» **Required work**: All that is needed is an exact copy of the lines from the beginning of the data below through the line containing "Polaris RZR Pro", minus the pictures.

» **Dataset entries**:
*** Block opens ***

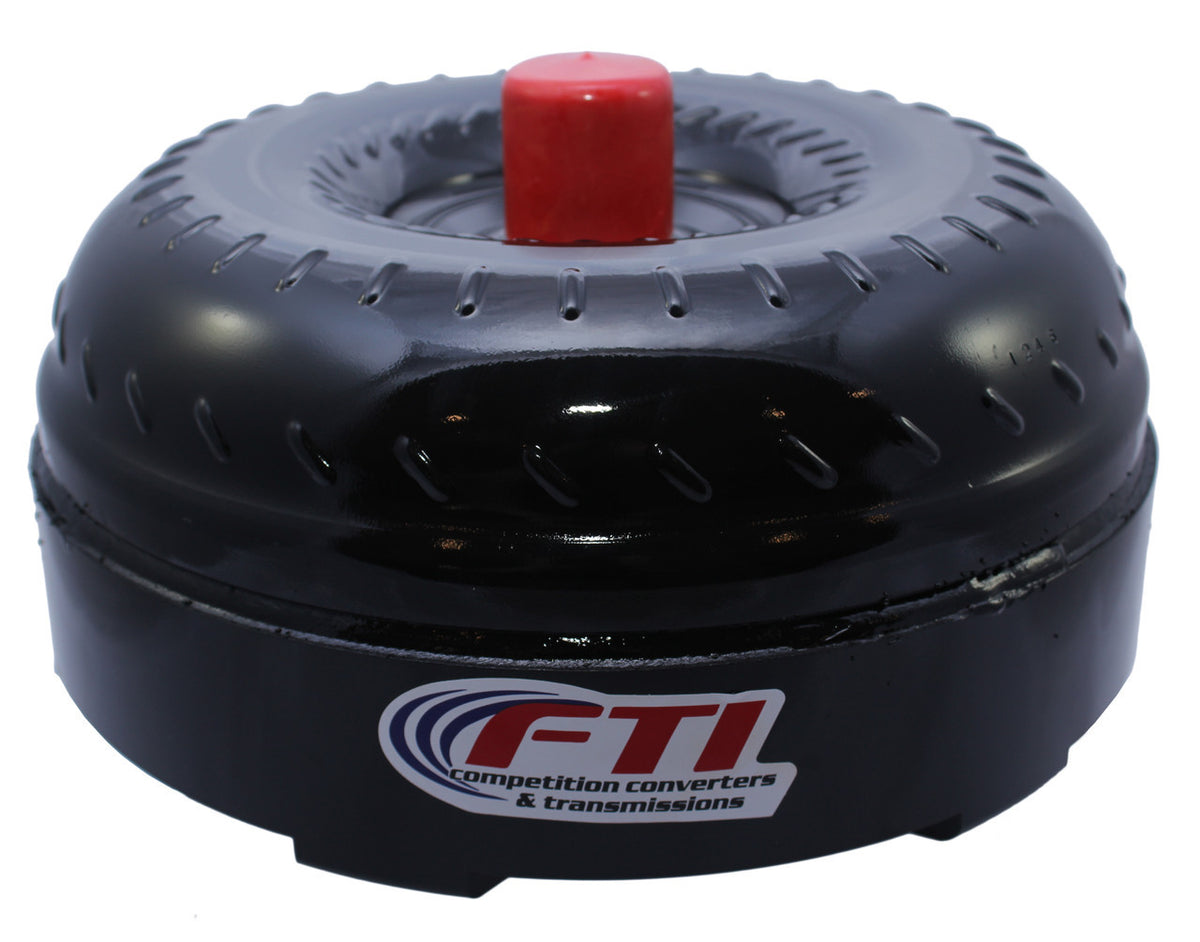 FTI 47RH/47RE BA Series Billet Lock-Up Diesel Converter - Triple Clutch - 592BA3B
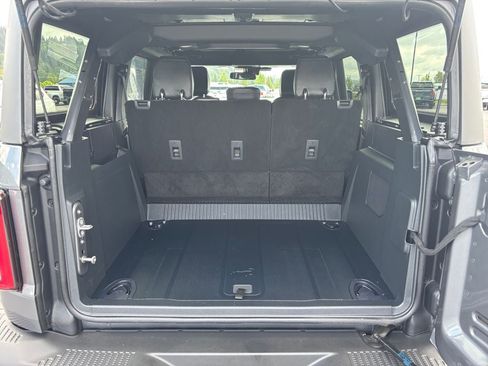 Used 2025 Ford Bronco Badlands AWD/4WD image 22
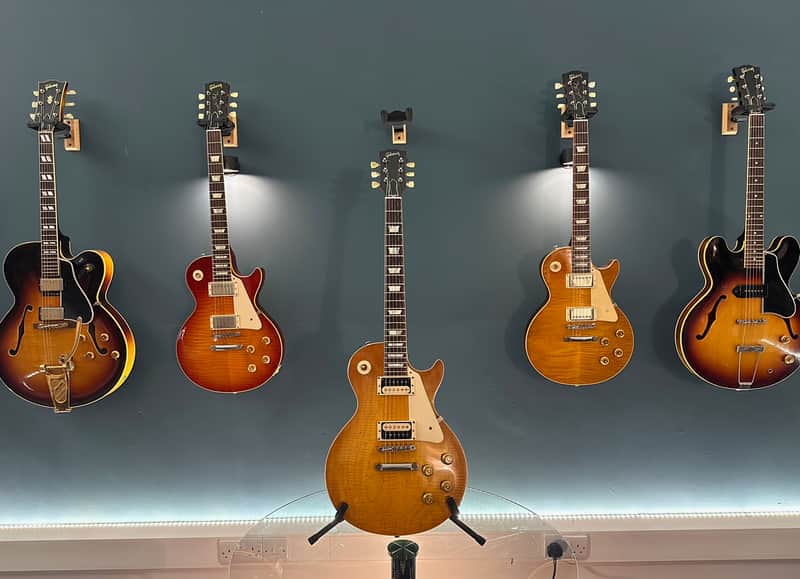 Gibson Les Paul '59 Std Collectors Choice #4 Sandy Aged 2012 - Dirty Lemon Aged image 1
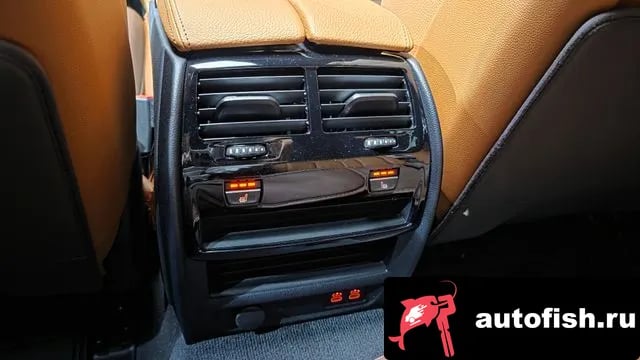 BMW 5-Series 5 Series (G30) 2023 года - вид 18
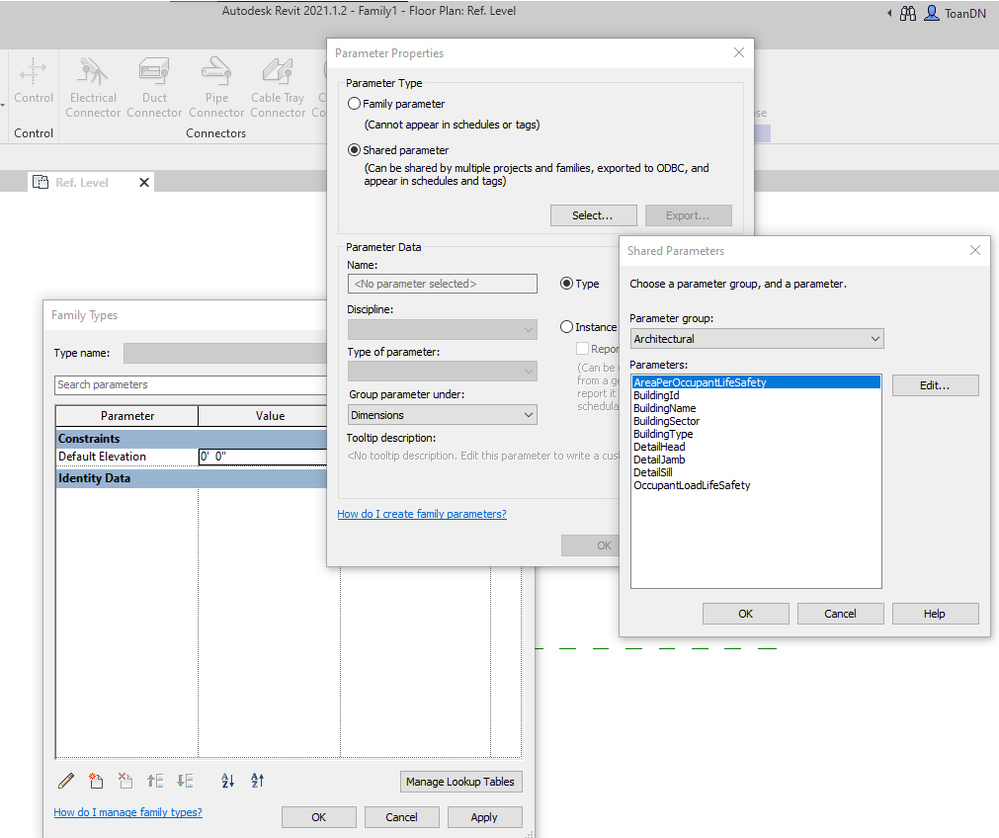Solved: Shared Parameters file no longer works in Revit 2021 - Autodesk ...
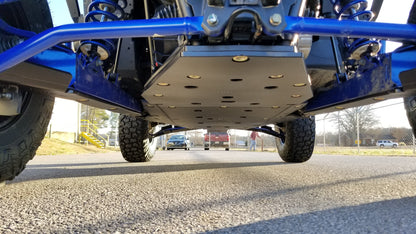 Polaris RZR Pro XP (2020-2025) Full Skid Plate Trail Armor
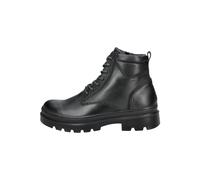 IGI&CO Stiefelette Nubukleder/Textil Schwarz Warmfutter - 41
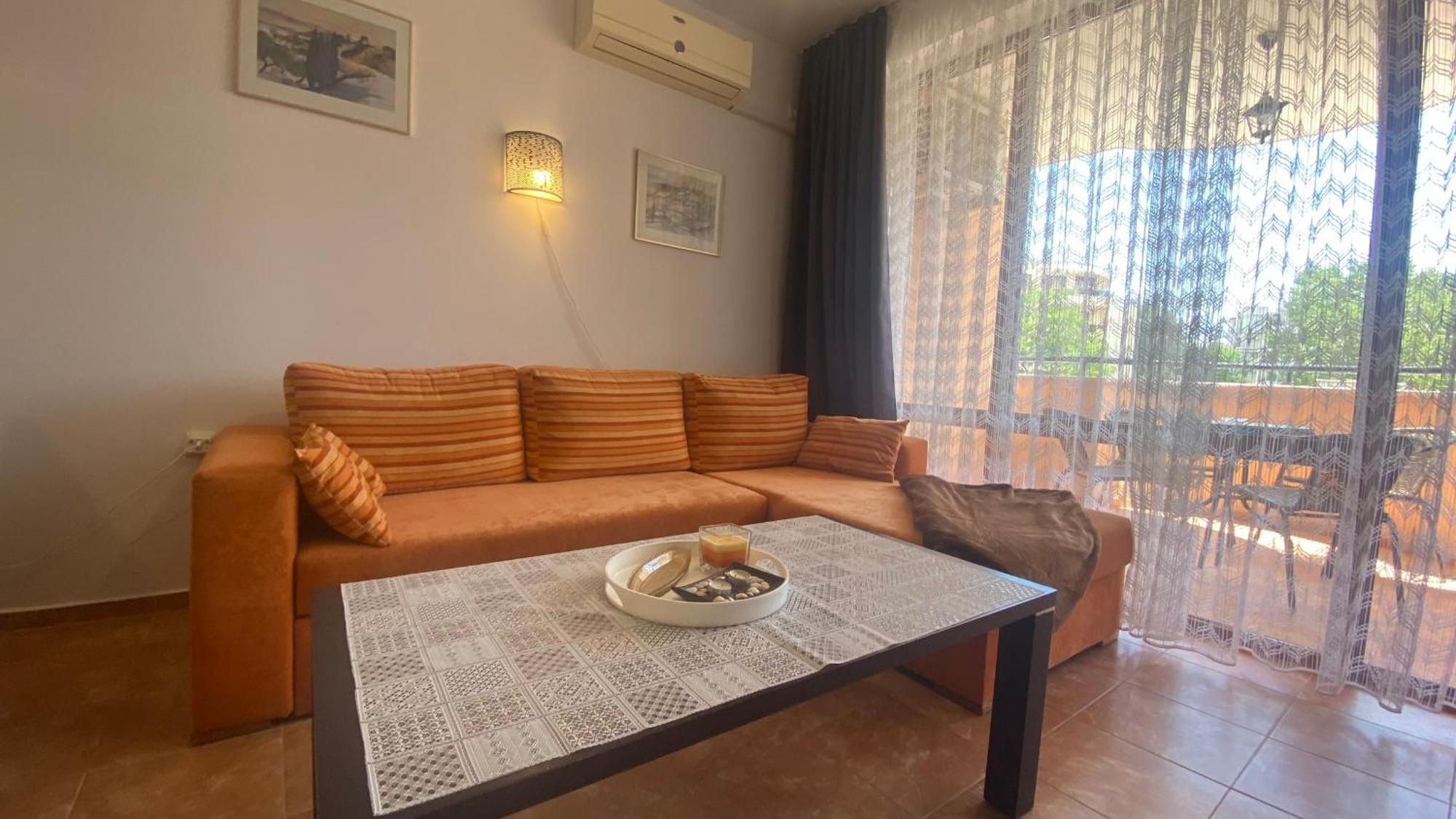 Bratanov Summer Apartment Sunny Beach Exterior photo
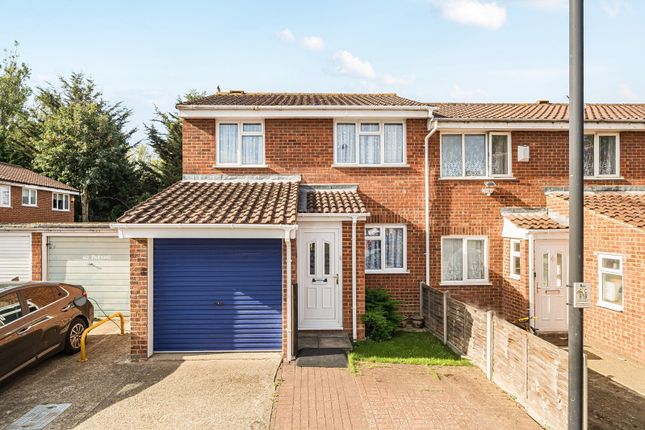 Makepeace Road, Northolt, Middlesex 3 bed semi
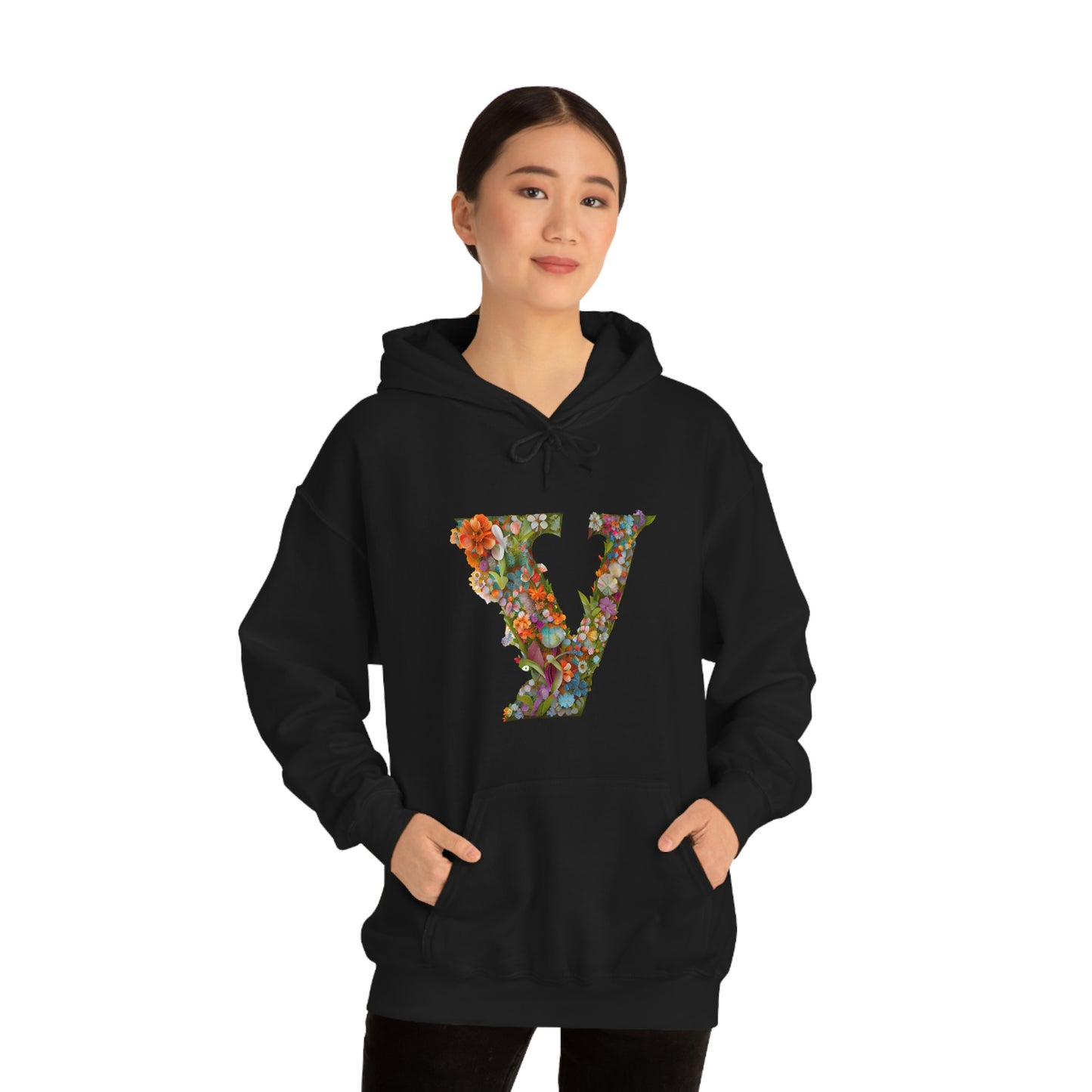 Unisex Heavy Blend™ Hooded Sweatshirt "Y"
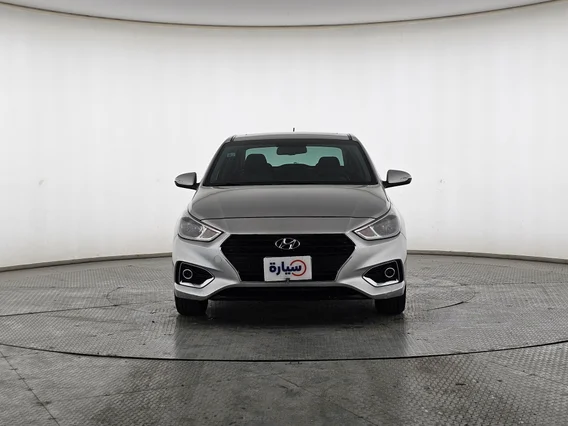 Hyundai Accent GLS 2018 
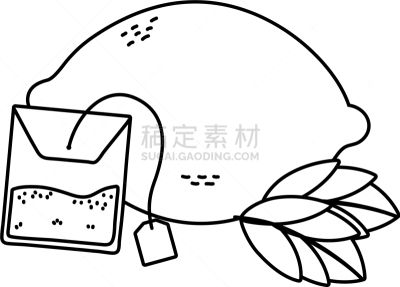 健康食物,膳食,美味,卡通,茶,蔬菜,清新,环境,食品,维生素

*** Block closes ***

» **Reply to the task**:
 FTI 47RH/47RE BA Series Billet Lock-Up Diesel Converter - Triple Clutch - 592BA3B
 Used 2025 Ford Bronco Badlands AWD/4WD image 22
 Gibson Les Paul '59 Std Collectors Choice #4 Sandy Aged 2012 - Dirty Lemon Aged image 1
 BMW 5-Series 5 Series (G30) 2023 года - вид 18
Solved: Shared Parameters file no longer works in Revit 2021 - Autodesk ...
 Polaris RZR Pro XP (2020-2025) Full Skid Plate Trail Armor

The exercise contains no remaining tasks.